Will Laptops Succumb to the Tablet Onslaught?

by Matt Klassen on January 12, 2012

With technology increasingly becoming more mobile and more powerful, it was just a matter of time before we saw the encroachment of the mobile market on the traditional computing sector. In fact, with the advent of the tablet computing device, many have already predicted the impending demise of the traditional laptop computer.

But even as next generation mobile devices are now sufficiently powerful enough to be branded as the ultimate mobile computing machine–small enough to be mobile, powerful enough to replace your laptop—the question remains, is that tablet the successor to the laptop, the next step on the technological evolutionary chain, or can these two devices coexist?
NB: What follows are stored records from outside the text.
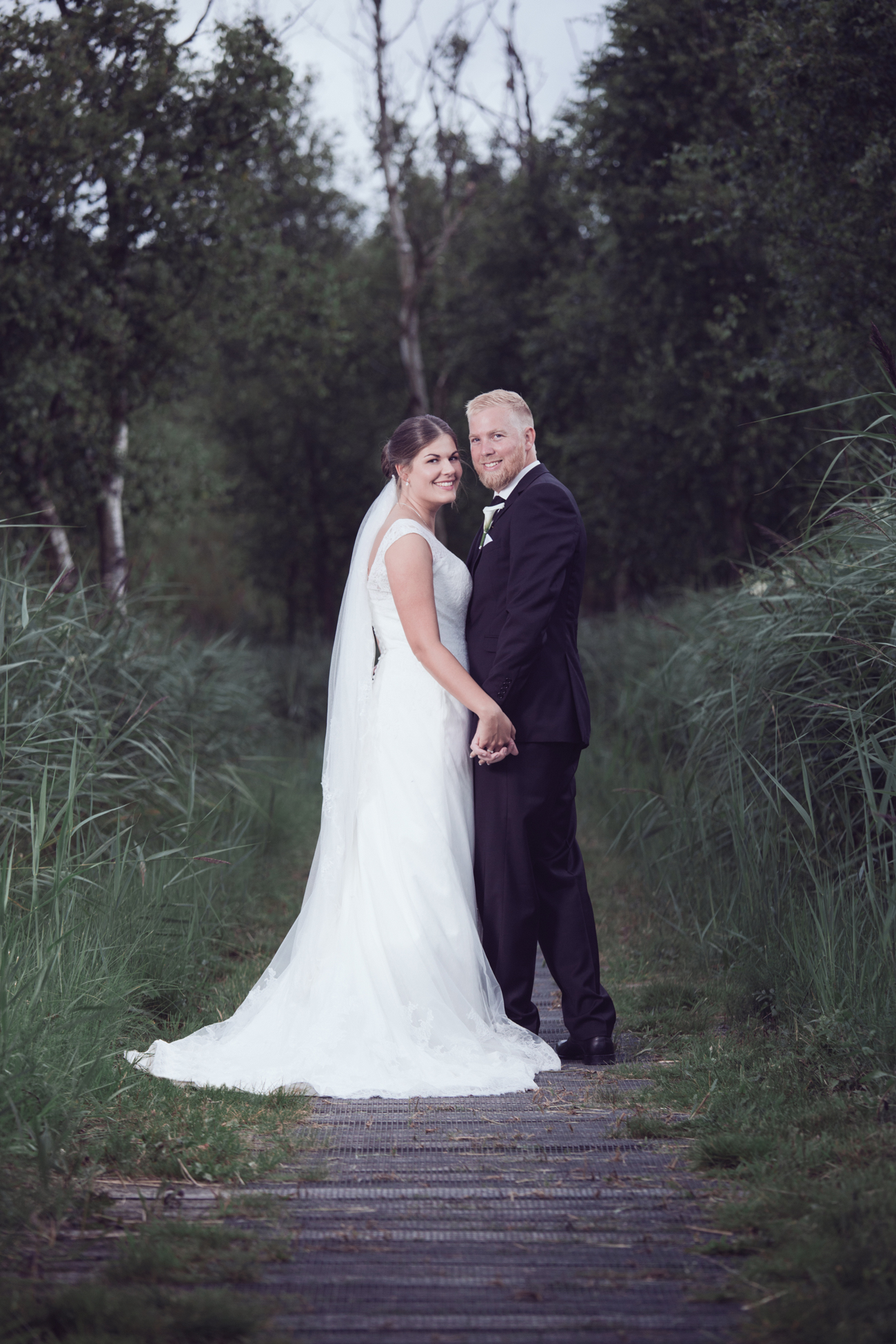 Wedding Portrait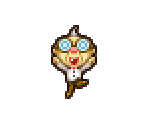 Professor E. Gadd - Mario & Luigi: Partners in Time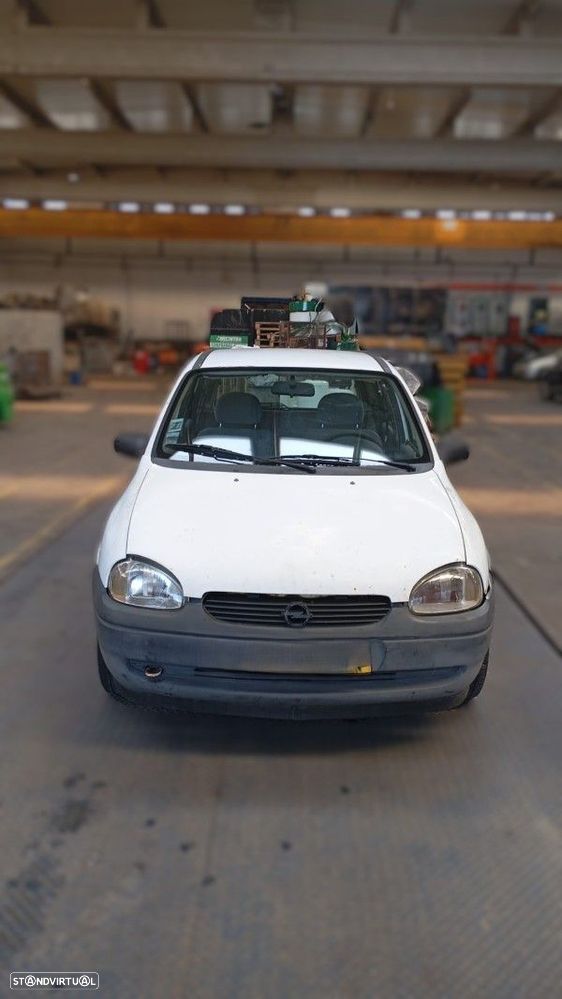 Para Peças Opel Corsa B (S93) - 2
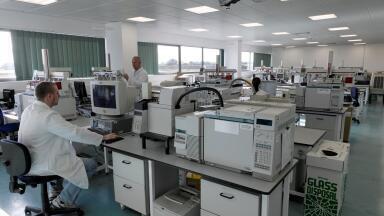 Analytical Testing Services for Water and Waste Water at WWEM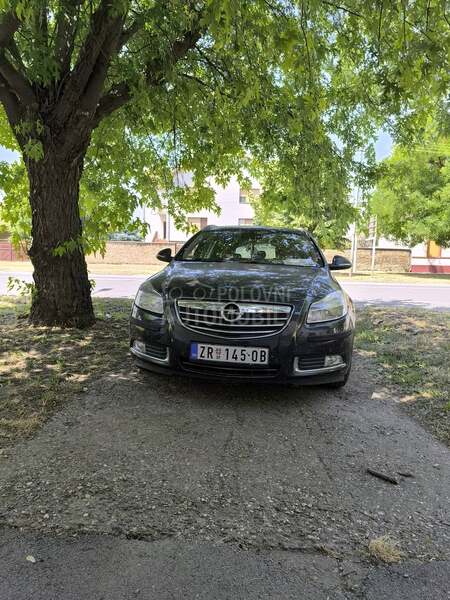 Opel Insignia CDTI 2.0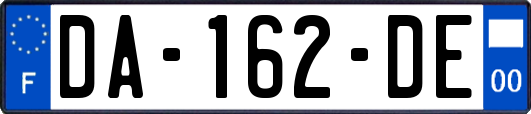 DA-162-DE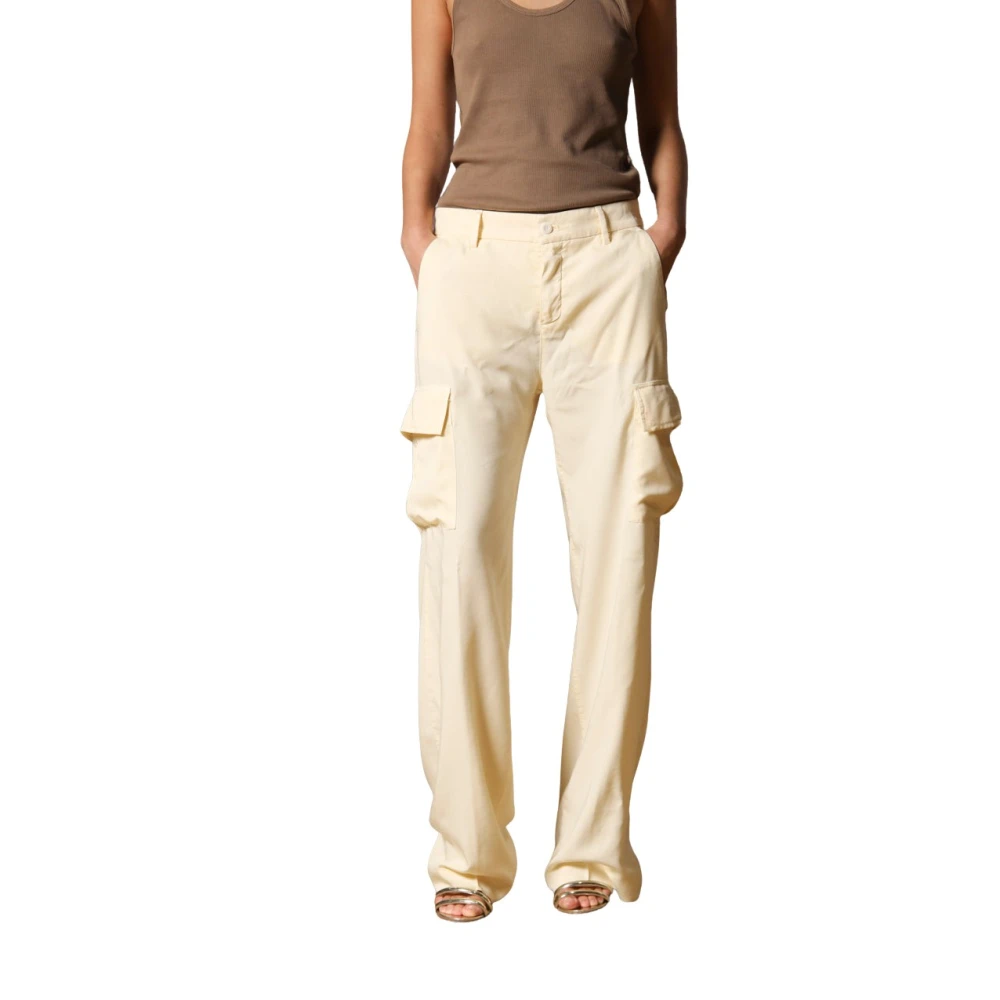 Trousers > Straight Trousers - - Mason's - Modalova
While the debate rages on among analysts, bloggers, and technophiles the world over, polling firm Poll Position conducted a study to see where the general public weighs in on this debate, and it looks like most believe the traditional laptop is on its way out.

In a relatively small survey of just under 2000 American registered voters, Poll Position found that 46 percent of respondents thought that tablets are indeed the natural successor to the laptop and will replace the antiquated computing device in the near future. While that number is still less than half, it is considerably more than the 35 percent of respondents who didn’t think devices like the iPad or Amazon Kindle would replace the laptop and the near 20 percent of respondents who really just didn’t care.
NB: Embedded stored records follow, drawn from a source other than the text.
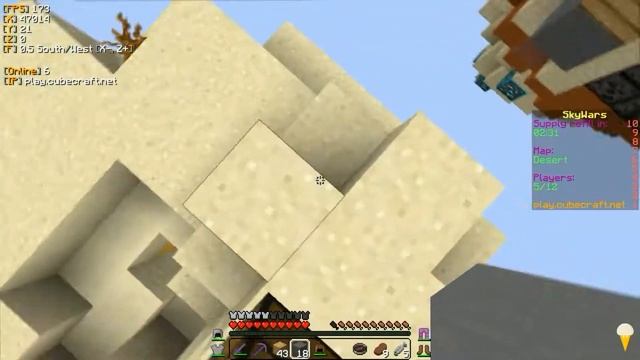 Motion Blur And LabyMod For Minecraft 1.12.2! (FPS Boost)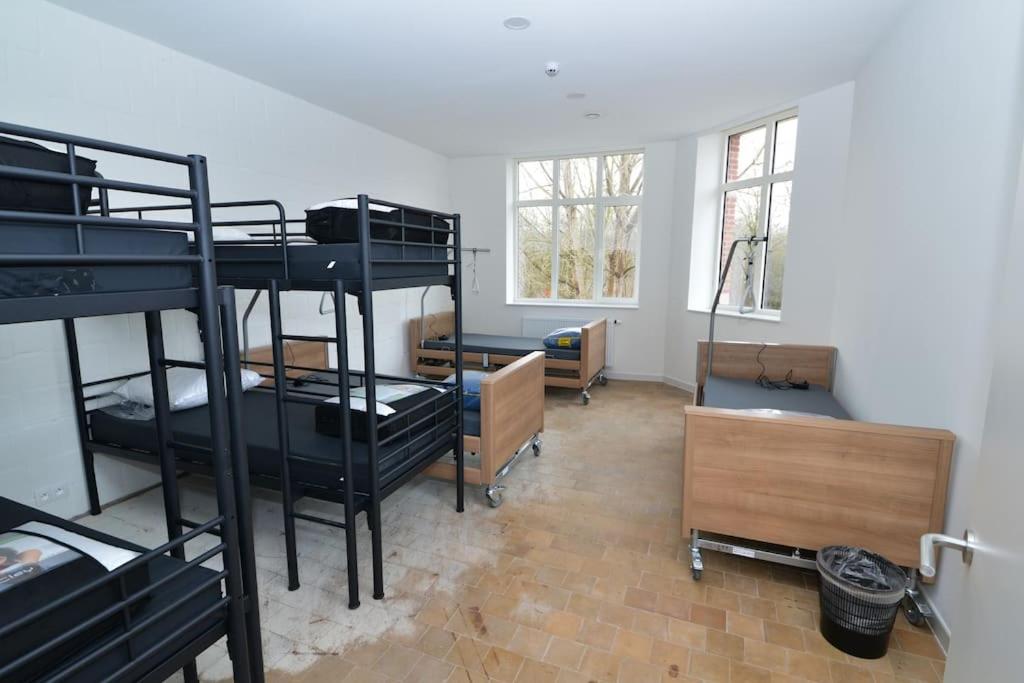 Jeugdverblijfcentrum Schotte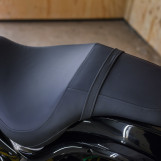 Мотоцикл Kawasaki VN900C с пробегом 8183 миль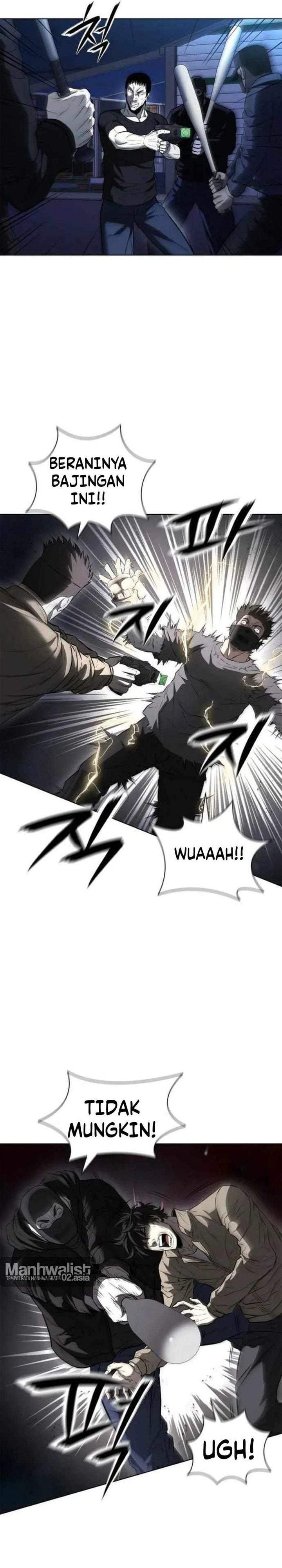 The Former Mercenary’s Life as a Prosecutor Chapter 21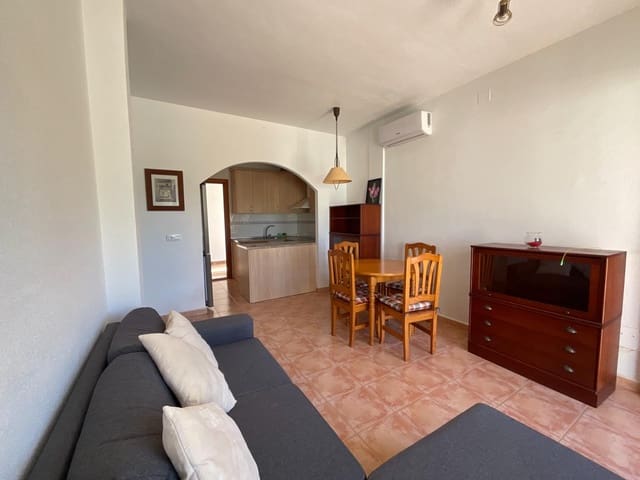 2 soveværelse Bungalow til salg i Mazarrón med swimmingpool - € 189.900 (Ref: 9712056)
What’s truly interesting about this survey though, is how the various age demographics view the ongoing battle between tablets and laptops. For many analysts who see the writing on the wall for the tablet computer, the argument has always been that laptops are devices of our parents generation—I guess that would be my generation—and that young people will drive forward tablet adoption. According to Poll Position’s findings, however, that seems not to be true.

Among the youngest demographic polled (those aged 18-29), just under half thought that the tablet and laptop could coexist and that the former would not replace the latter. Interestingly, among the oldest demographic surveyed (65 years and older) almost three quarters thought the tablet would surely replace its laptop predecessor in the very near future.

While it remains to be seen which age group really has their finger on the pulse of technological trends and development, I personally find myself torn in this debate. While tablet adoption is high, laptop sales have remained strong-ish, a trend that means tablets are still a tangential niche technology, a sought after device that is not able—at this point at least—to replace anything.

In fact, I look at statistics from market research firms like NPD, which report 72.7 tablets hit store shelves last year, a number that is easily beaten by notebook shipments, which rose to 187.5 million units over the same period, and I have to think that laptops aren’t going anywhere. Case and point, NPD forecasts that by 2017 tablet shipments will rise to a staggering 383.3 million units, at which point they will still lag behind notebook shipments, which are estimated to hit 432 million units.

As I’ve said before, there will come a day when mobile technology will become powerful enough to handle anything we throw at it, and when that day comes the laptop will surely be doomed, whether or not the tablet will be the natural successor, however, still remains to be seen.